As a general rule, though, a company should strive for nonfinancial reporting that is every bit as rigorous and cautious as their financial reporting, involving (among others) outside auditors and legal counsel in a comprehensive appraisal of its CSR performance.  Other factors to consider in managing "social risk" include the following.   

  • The Customer is King.  Forty-five years ago no less a light than economist Milton Friedman was bashing CSR talk as "hogwash," arguing that "a corporation’s responsibility is to make as much money for the stockholders as possible … within the rules of the game."  He won the Nobel Prize in 1976.  Peter Drucker, viewed by some as the founder of modern business management, argued against the maximization of shareholder value as the corporation's raison d'être in Management: Tasks, Responsibilities, Practices (1973), claiming that the only valid purpose of business was "to create a customer."  Given how dramatically the social concept of what it means to be a "good corporate citizen" has changed over the past decade or so, CSR is serious business to customers – who are "the foundation of a business and keep[] it in existence."  Simply put, companies need to care about CSR because their customers do. 
  • Systematize CSR Due Diligence Practices.  To protect against legal claims of fraud, aiding and abetting, complicity, or mismanagement, companies need to have systems or protocols in place to ensure compliance with applicable standards and that public statements about their CSR performance are accurate in all material respects (with procedures for the prompt discovery and full disclosure of potential misrepresentations).  CSR reports, marketing material, and websites should be reviewed to ensure that they reflect what the company knows or has learned from periodic due-diligence exercises.  Another consideration is adopting a code of conduct for factories and others in the supply chain that has teeth, with compliance clauses in manufacturing or production contracts.  
  • Align CSR Reporting with Emergent Best Practices.  In the absence of a single global reporting standard for CSR performance, it’s difficult for companies to reliably mitigate the risk of lawsuits linked to CSR reporting.  A good North Star to follow for compliance purposes, however, is the recently issued draft UN Guiding Principles Reporting Framework, which offers comprehensive guidance on what is meaningful to report, consistent with UN Guiding Principles on Business and Human Rights.  This reporting framework is supposed to be finalized by year end, based on stakeholder feedback and learning from pilot projects being conducted by various companies.      
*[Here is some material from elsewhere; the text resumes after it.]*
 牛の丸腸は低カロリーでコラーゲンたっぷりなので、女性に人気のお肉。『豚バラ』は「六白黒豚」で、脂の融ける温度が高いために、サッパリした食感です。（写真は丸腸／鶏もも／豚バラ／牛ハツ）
In short, to protect the core asset of "brand" in both the judicial system and the "court of public opinion," companies (and their lawyers) should approach CSR reporting as a core element of business strategy (i.e. risk management).

Conclusion 

The reality nowadays is that companies are more commonly expected – by investors, customers, employees, business partners, regulators and other stakeholders – to account for the economic, social, and environmental impacts of their operations on a variety of fronts under the CSR banner, giving in-house lawyers yet another thing to worry about, in terms of both reputational and legal risks.  Attorneys advising companies, meanwhile, must add the growing scope of CSR considerations to their client-service offerings to ensure that the social risks of doing business on a global basis are a topmost priority.

In closing, those eying the promise and perils of the emerging field of corporate social responsibility would do well to heed the words of Guy Kawasaki, a former Apple Fellow and venture capitalist:  "Doing things that benefit you and your organization to the detriment of the rest of society doesn't scale."